Before I got married, I never considered taking a man’s name. Growing up in the post-Steinem era of feminist policy, I was grateful to those who fought for my rights and felt it was my duty to repay them by keeping my name intact. Abdicating the part of me that held my family history in favor of someone else’s seemed an unnatural and unnecessary sacrifice. I had just as much invested in my identity as my husband did in his, and no one expected him to change – so why should I? Looking through the thick scrim of idealism that only the young possess, I could not foresee a situation that would erode my conviction, and for the first few years of married life, when it was just my husband and me, this was true.
By 2001, the year I got married, nearly a third of American women kept their maiden names in either a personal or professional capacity, so, unlike Amelia Earhart, whose defection from convention was newsworthy, my decision followed a well-established path and the obstacles I encountered were minor. They were things like, explaining to my dad why I didn’t need a new driver’s license, telling my grandmother that, no, this didn’t mean I planned on getting a divorce, or writing two distinct names on our tax return – inconveniences, really, that reflected generational expectations more than anything else.
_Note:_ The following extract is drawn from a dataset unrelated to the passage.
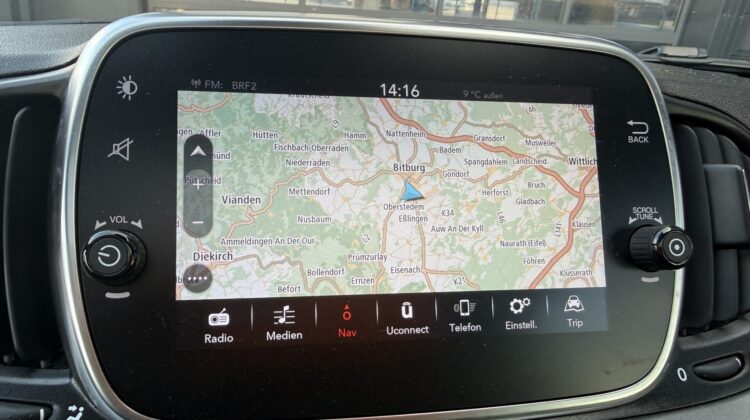 595 Turismo Vollleder Akrapovic Beats Xenon Navi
When our daughter came along and it was automatically assumed by every institution in existence that she would bear my husband’s name, my notion of curbing inequality with a surname crumbled like a dead leaf. Amid the frenzy of a new baby, I hadn’t the gumption – or the energy – to counteract the patriarchal tradition. In my sheltered naïveté, where identity was limited to the confines of a husband and wife relationship, I hadn’t given serious thought to what we would name our child, beyond selecting a timelessly traditional yet unique prénom, and certainly hadn’t planned preemptively. Perhaps I was in denial, because deep down I knew that of the three options – my last name, his last name, or ours hyphenated together – the choice was made, eras ago. I could have pushed for our daughter to have my last name, but weighing effort against outcome using the metrics of our ancient paradigm, I chose the path of least resistance and let the system win.
If all this sounds melodramatic, my attachment to a name (which, if we’re being factual, belonged to my father, not mother, and is itself a resounding endorsement of male dominance) I concede. I will go further and admit it’s an argument wrought from those with privilege, already: those with money, education, a position in society. But I maintain that the importance of a name cannot be overstated. Names, like words, shape our impression of the world, and names shape the world’s impression of us.
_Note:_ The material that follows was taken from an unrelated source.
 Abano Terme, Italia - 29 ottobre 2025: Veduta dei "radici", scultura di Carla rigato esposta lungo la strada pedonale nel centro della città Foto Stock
Since 2001, the number of women keeping their maiden names has risen only slightly, and the focus for attaining equality seems to have shifted to more procedural plights, like maternity leave, equal pay, and healthcare. As a political issue, women see greater impact from their efforts elsewhere, and likely recognize the futility of changing our entire system of familial nomenclature. Unfortunately, to keep your name or take your husband’s will always be either an awkward stay or a sticky transition, but, really, it’s what we do after that, that counts.